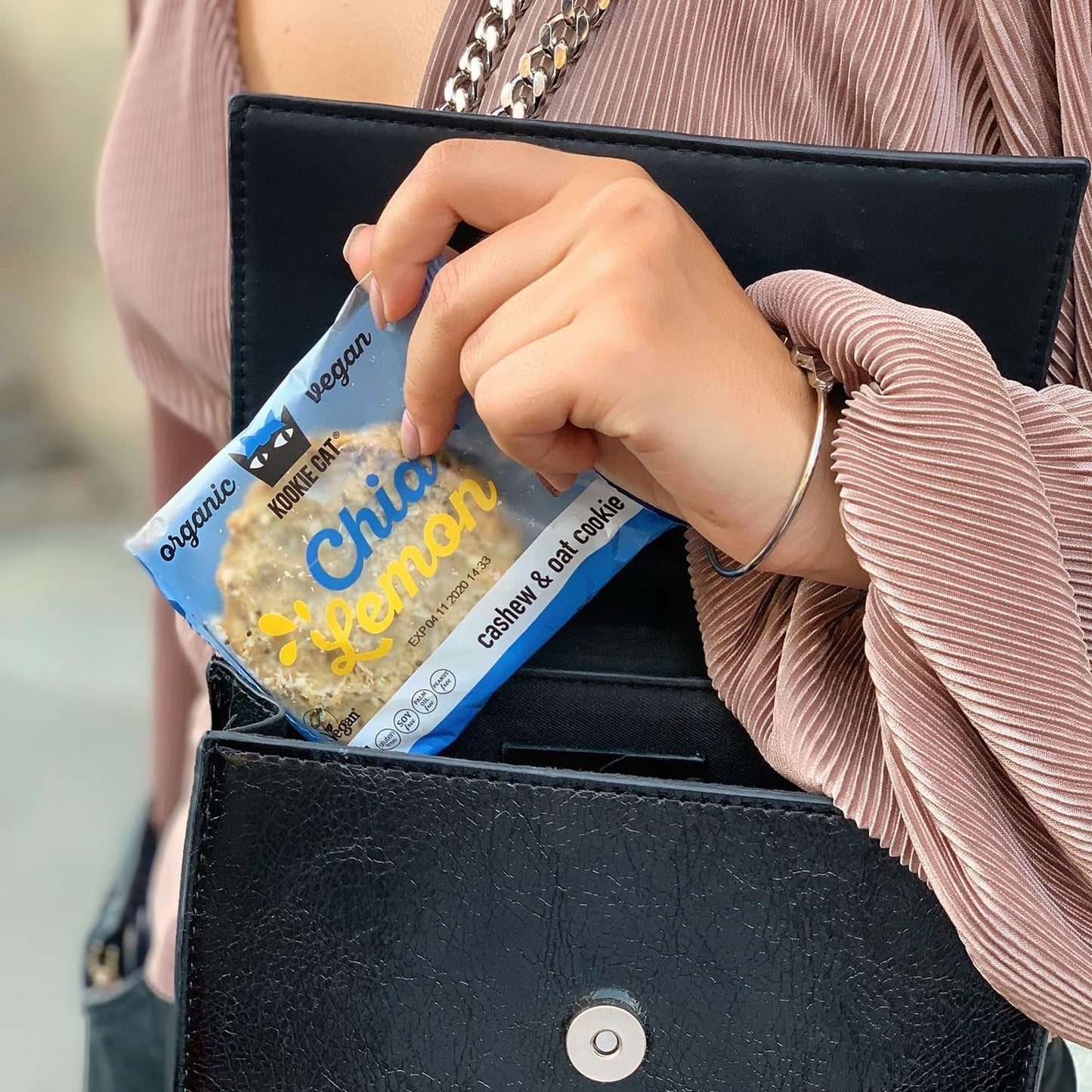 Chia og citron - individuelt indpakkede veganske småkager, glutenfri, sojafri, økologisk, cashewnødder og havre - 12 x 50 g multipak
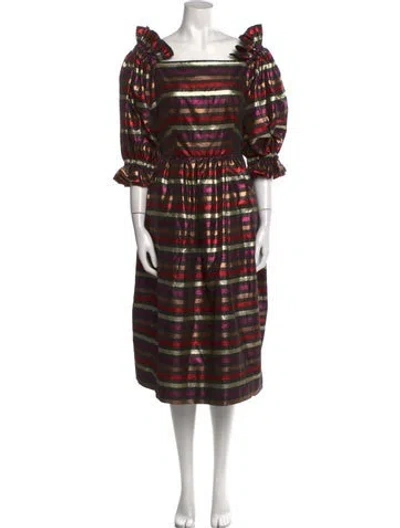 Pre-owned Adele Simpson Vintage Midi Length Dress In Black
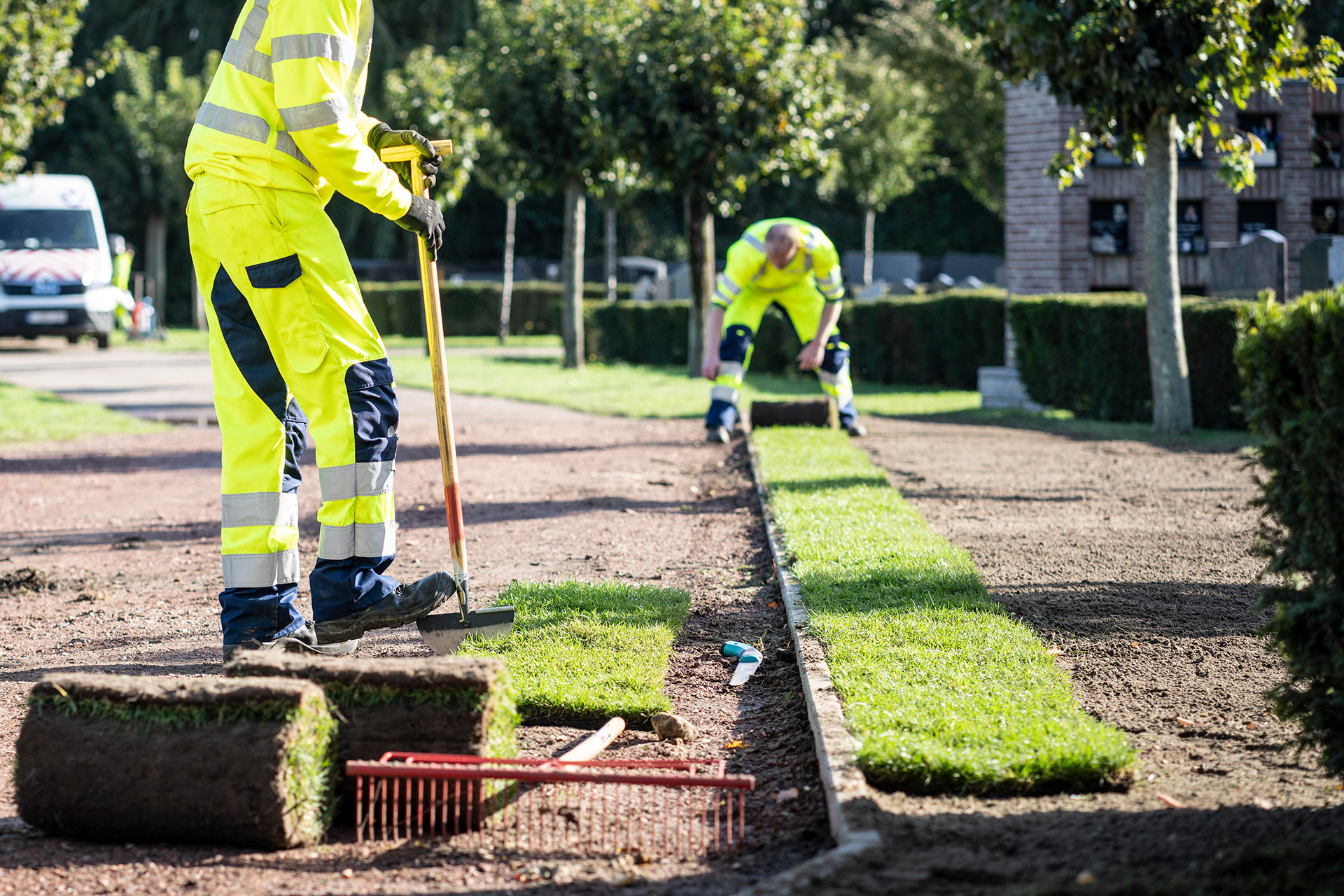 Aanleg van grasmatten en graszoden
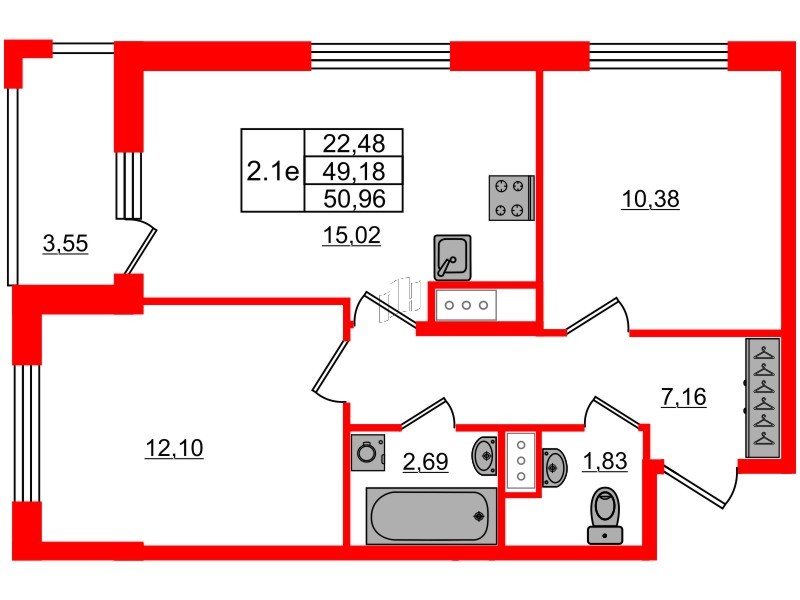 Квартира в ЖК «Город звёзд», 2 комнатная, 49.18 м², 4 этаж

**What to do:** Write out, word for word, the lines running from the one containing "Pre-owned Adele Simpson" to the end of the data above; the pictures are to be left out.

**Solution to this exercise:**
 Pre-owned Adele Simpson Vintage Midi Length Dress In Black
 Aanleg van grasmatten en graszoden
 Квартира в ЖК «Город звёзд», 2 комнатная, 49.18 м², 4 этаж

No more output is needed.